Wiggins was celebrating his overall victory in the 2011 Criterium du Dauphine in La Toussuire when Cope delivered the package, having flown nearly 1,000km from Manchester.
Team Sky had previously explained that the form of the drug they claim was in the 'jiffy bag', a 10 per cent solution in 3ml dose for use in a nebuliser, was not available in France, and even if it was, Dr. Freeman had no powers to write prescriptions in France.
But he did, according to Sky, have prescription rights in Switzerland, and had ordered the drug from the Pharmacie de la Plaine in Yverdon, a three-hour drive away from the stage where Wiggins sealed the victory.
The Parliamentary committee questioned Team Sky as part of a larger inquiry into doping sport, and repeated questions about why Dr.

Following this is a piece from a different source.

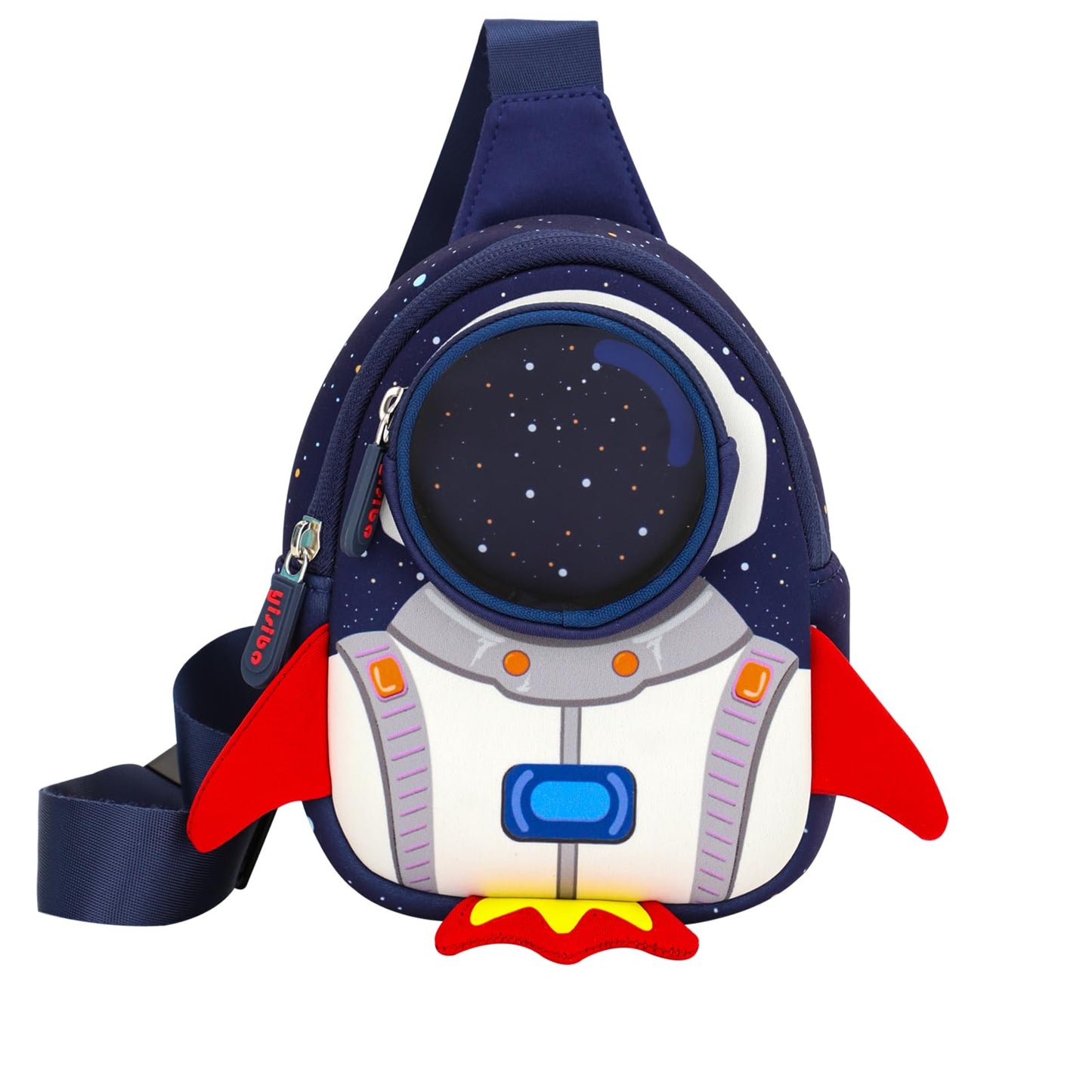 yisibo Rocket Toddler Backpack with Leash,3-6 Years Anti-lost Kids Backpack,Children Backpack for boys girls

Freeman failed to follow team policy in uploading riders' medical records to a common Dropbox. Freeman kept the records on a laptop computer that was stolen in 2014. It may have contained the only records to prove that the medical package for Wiggins was actually Fluimucil.
Freeman was due to testify in front of the committee, but dropped out citing illness.
Team Sky also explained away the large order of the corticosteroid triamcinolone by Dr. Freeman. Wiggins obtained three Therapuetic Use Exemptions (TUEs) for the drug, one of which was approved on June 29, 2011, just two weeks following the delivery of the 'jiffy bag'.
Team Sky previously corrected the committee about its stock of triamcinolone, stating that it had ordered 55 ampoules between 2010 and 2013. In its response published today to how much was used by the athletes, Sky wrote, "Based on Team Sky’s shared medical records, less than 10 ampoules of Triamcinolone were administered to Team Sky riders in the four years between 2010 to 2013.
"It is important to emphasise again that we would only ever allow Triamcinolone to be provided as a legitimate and justified medical treatment in accordance with the applicable anti-doping rules."